+++ Extracted entries +++

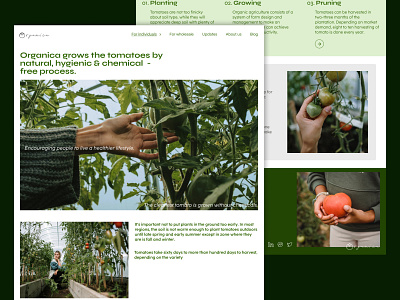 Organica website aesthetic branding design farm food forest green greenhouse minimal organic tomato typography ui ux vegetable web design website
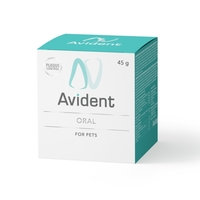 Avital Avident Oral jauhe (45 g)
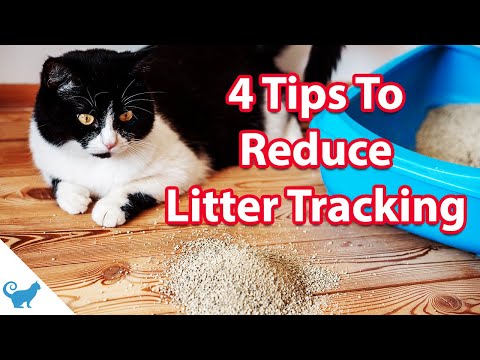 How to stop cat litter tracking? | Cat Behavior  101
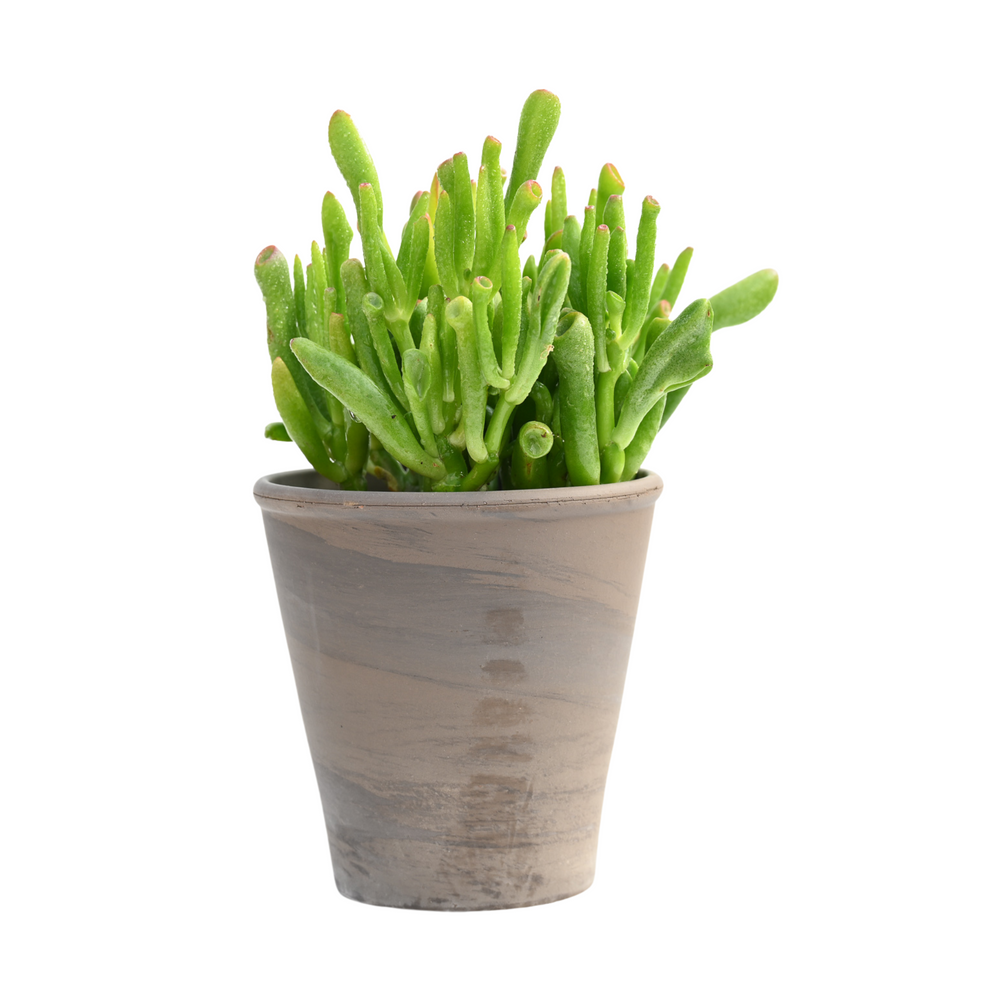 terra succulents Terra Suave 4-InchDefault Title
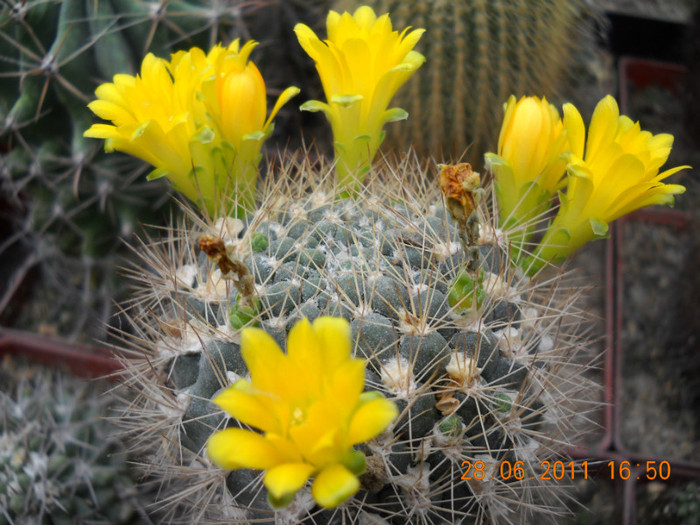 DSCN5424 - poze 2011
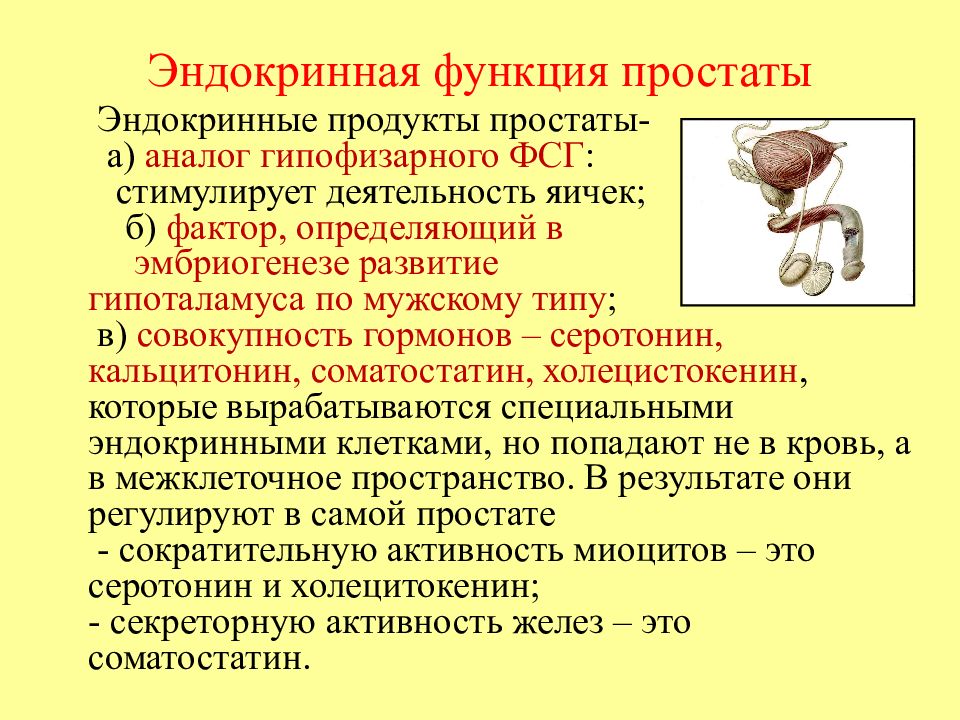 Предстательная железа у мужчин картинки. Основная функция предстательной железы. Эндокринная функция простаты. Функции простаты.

+++

* _Task details_:
Begin at the line containing "How to stop" and write out every line to the end of the data exactly. Skip the pictures.

* _Written solution_:
 How to stop cat litter tracking? | Cat Behavior  101
 terra succulents Terra Suave 4-InchDefault Title
 DSCN5424 - poze 2011
 Предстательная железа у мужчин картинки. Основная функция предстательной железы. Эндокринная функция простаты. Функции простаты.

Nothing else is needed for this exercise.